[REQUIREMENT] Output the full listing below exactly; the images stay out.

[DATA UNDER STUDY]
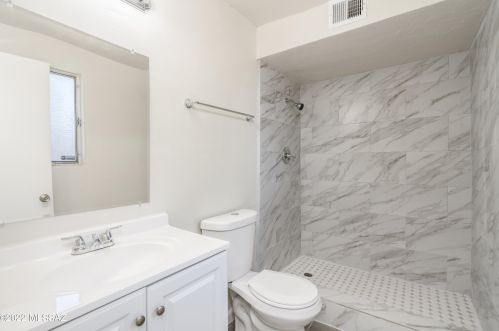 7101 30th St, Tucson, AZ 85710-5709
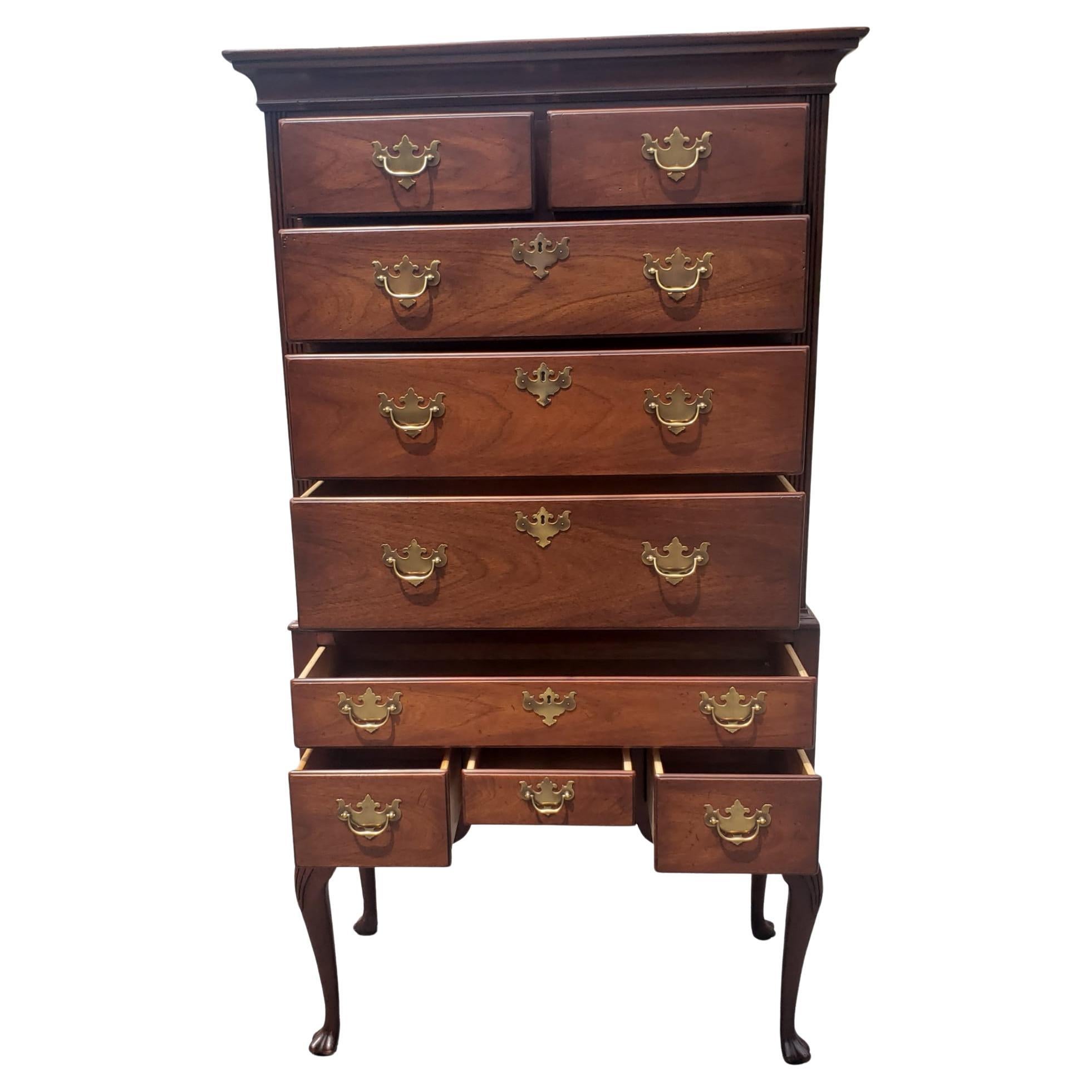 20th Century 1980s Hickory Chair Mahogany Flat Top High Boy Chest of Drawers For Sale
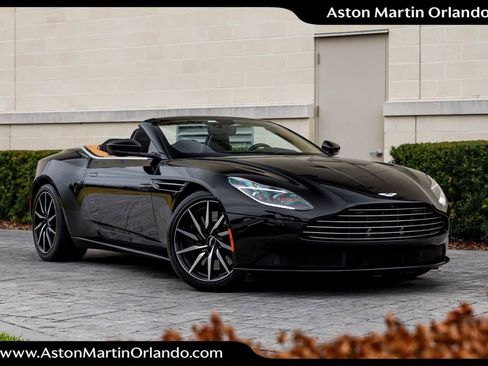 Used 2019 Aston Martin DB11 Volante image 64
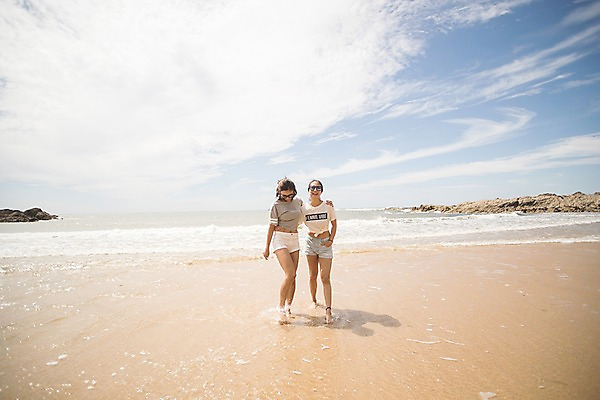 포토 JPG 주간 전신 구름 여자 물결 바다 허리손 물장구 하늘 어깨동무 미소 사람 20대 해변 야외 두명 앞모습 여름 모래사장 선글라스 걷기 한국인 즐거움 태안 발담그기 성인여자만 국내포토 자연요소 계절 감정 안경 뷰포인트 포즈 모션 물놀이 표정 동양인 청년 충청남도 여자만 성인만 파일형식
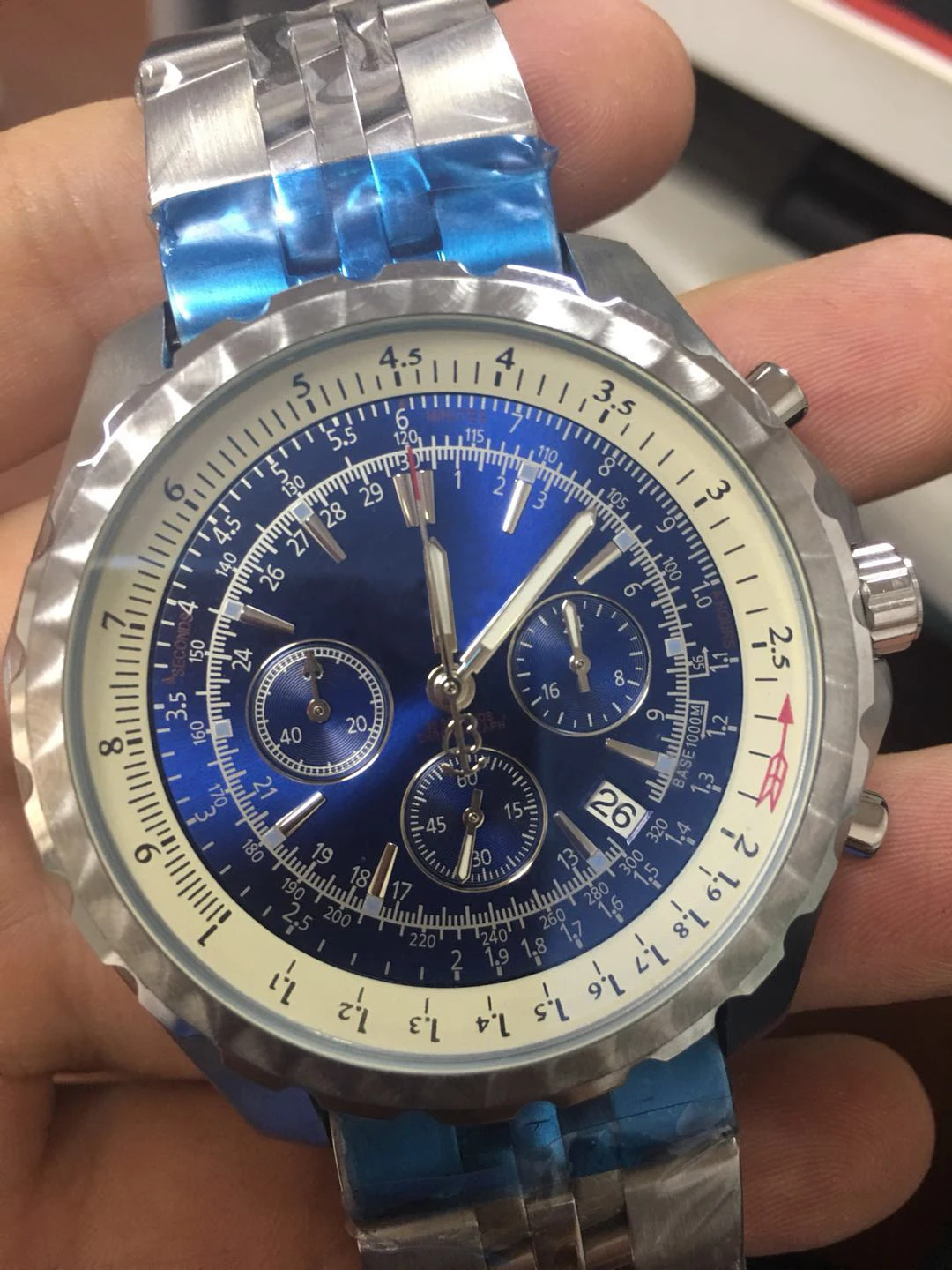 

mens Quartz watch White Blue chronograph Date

[ANSWER]
 7101 30th St, Tucson, AZ 85710-5709
 20th Century 1980s Hickory Chair Mahogany Flat Top High Boy Chest of Drawers For Sale
 Used 2019 Aston Martin DB11 Volante image 64
 포토 JPG 주간 전신 구름 여자 물결 바다 허리손 물장구 하늘 어깨동무 미소 사람 20대 해변 야외 두명 앞모습 여름 모래사장 선글라스 걷기 한국인 즐거움 태안 발담그기 성인여자만 국내포토 자연요소 계절 감정 안경 뷰포인트 포즈 모션 물놀이 표정 동양인 청년 충청남도 여자만 성인만 파일형식

mens Quartz watch White Blue chronograph Date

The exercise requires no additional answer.